Now compare to an app where the assumption is that diagnosed patients contribute to an anonymous redzone map based on retrospective location history

In [0]:

def coverage_gps(adoption, tester_adoption, catch_rate2):
  return adoption * tester_adoption * catch_rate2 * (1 - onboarding_loss)

cov_gps = coverage_gps(pop_adoption, tester_adoption, catch_rate_gps)
data_raw["cov_gps"] = cov_gps
data.add(cov_gps[:scattersize], "cov_gps")
avgs2 = bin_averages(cov_gps)

In [0]:
bin_05 = lambda data: bin_stats(data, lambda x: np.quantile(x, 0.05))
bin_95 = lambda data: bin_stats(data, lambda x: np.quantile(x, 0.95))
bin_50 = lambda data: bin_stats(data, lambda x: np.quantile(x, 0.50))
bin_q = lambda q, data: bin_stats(data, lambda x: np.quantile(x, q))

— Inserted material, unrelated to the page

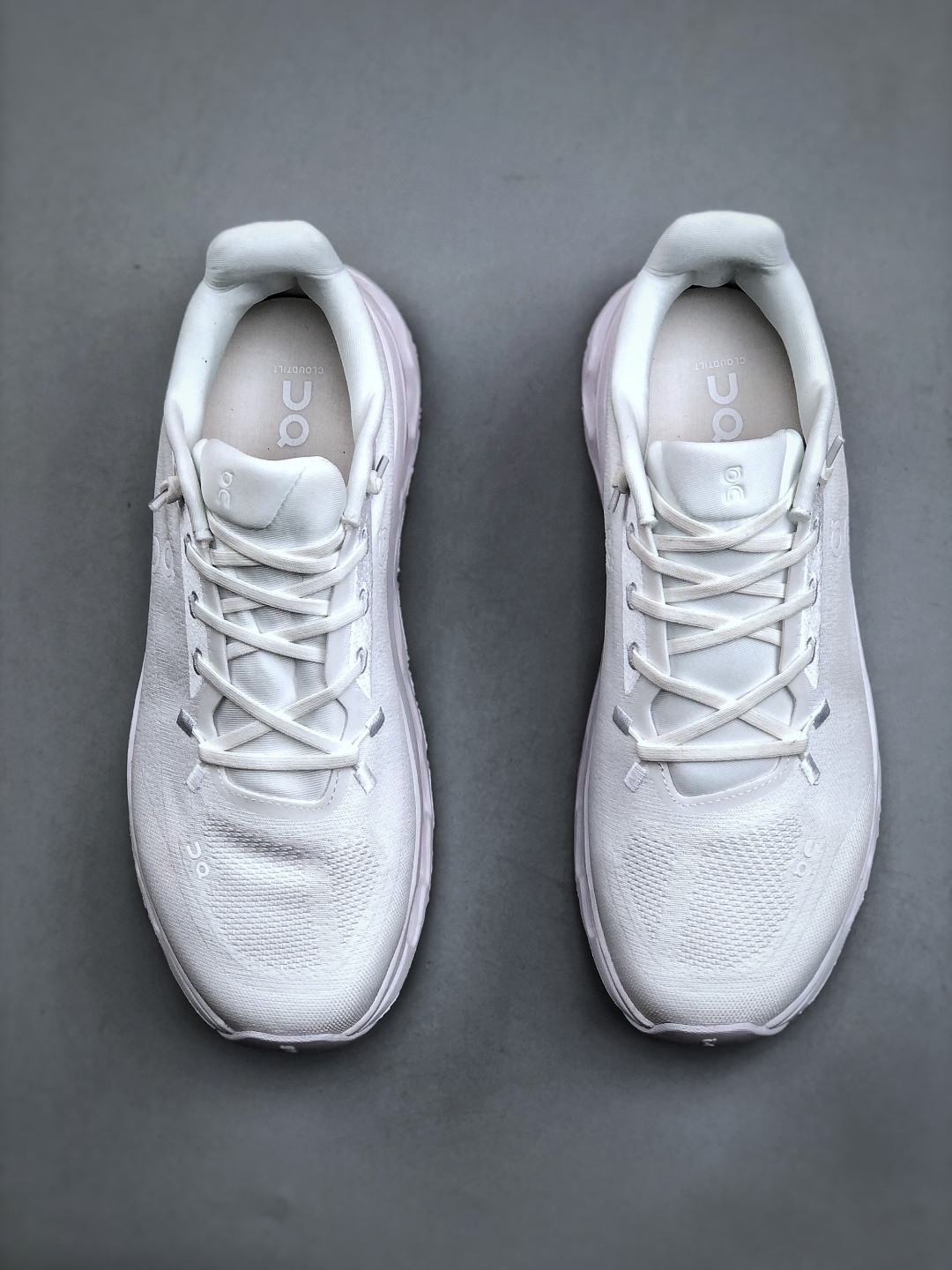 💰200  ON 昂跑 Cloudtilt 系列 鞋面采用一体成型布料  有弹性非常透气 鞋底是镂空设计 运用了CLOUDTILT专利技术 弹力十足  毫无负重感 适合日常长距离行走或者休闲旅游跑步
货号:  3ME10103253  尺码:  36-45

def graph_distribution(plot, variable, name, colors, xvar=incs, alpha=0.5, fill=True, twosigma=True):
    cols = bm.LinearColorMapper(palette=colors).palette
    pot = bm.ColumnDataSource({
        "xvar": xvar, 
        "b05": bin_05(variable),
        "b25": bin_25(variable),
        "b75": bin_75(variable),
        "b95": bin_95(variable)
    })
    plot.line(xvar, bin_50(variable), line_color=cols[0], legend_label="{0} (median)".format(name), line_width=2.0, line_dash="dotted")

    if fill:
        band = bm.Band(base="xvar", lower="b05", upper="b95",  line_width=1.6, source=pot, fill_color=cols[2], fill_alpha=alpha)
        plot.add_layout(band)
        band = bm.Band(base="xvar", lower="b25", upper="b75",  line_width=1.6, source=pot, fill_color=cols[1], fill_alpha=alpha)
        plot.add_layout(band)
    plot.line(xvar, bin_averages(variable), line_color=cols[0], legend_label="{0} (mean)".format(name), line_width=2.0)

    if twosigma:
        plot.line(xvar, bin_05(variable), line_color=cols[2], legend_label="{0} 5/95% quantiles".format(name), line_width=1.2)
        plot.line(xvar, bin_95(variable), line_color=cols[2], line_width=1.2)
    plot.line(xvar, bin_25(variable), line_color=cols[1], legend_label="{0} 25/75% quantiles".format(name), line_width=1.6)
    plot.line(xvar, bin_75(variable), line_color=cols[1], line_width=1.6)
    plot.line(xvar, bin_averages(variable), line_color=cols[0], legend_label="{0} (mean)".format(name), line_width=2.0)
    plot.line(xvar, bin_50(variable), line_color=cols[0], legend_label="{0} (median)".format(name), line_width=2.0, line_dash="dotted")

In [0]:
if samples > 2000:
  plots = []
  for i, scale in enumerate(("linear", "log")):
    plot = bp.figure(x_range=[0,1], y_range=[0.0001, 1], plot_width=600, plot_height=500,
                     x_axis_label="Proportion of population using app",
                     y_axis_label="Proportion of infections traced", y_axis_type=scale,
                     title="Effectiveness of different app types",
                     output_backend="svg")
    
    plot.scatter(pop_adoption[:scattersize], cov_bt[:scattersize], radius=0.005, fill_alpha=0.20, line_color=None, 
                 legend_label="bluetooth simulation")
    plot.scatter(pop_adoption[:scattersize], cov_gps[:scattersize], radius=0.005, fill_alpha=0.15, line_color=None,
                 fill_color="#30ff00", legend_label="retrospective gps simulation")
    graph_distribution(plot, cov_gps, "retospective GPS matching", "Greens4", fill=False, twosigma=False)
    graph_distribution(plot, cov_bt, "prospective bluetooth matching", "Blues4", fill=False, twosigma=False)
    plot.legend.location = "top_left" if i==0 else "bottom_right"

    plots.append(plot)

  display(bl.row(plots))
  print("Monte Carlo simulation of "
        "effectiveness as a function of adoption for bluetooth matching apps (blues) and apps that\n"
        "use retrospective location records such as Google Maps Timeline or iOS's on-device encrypted\n"
        "location records (greens). This chart assumes sufficient test coverage.")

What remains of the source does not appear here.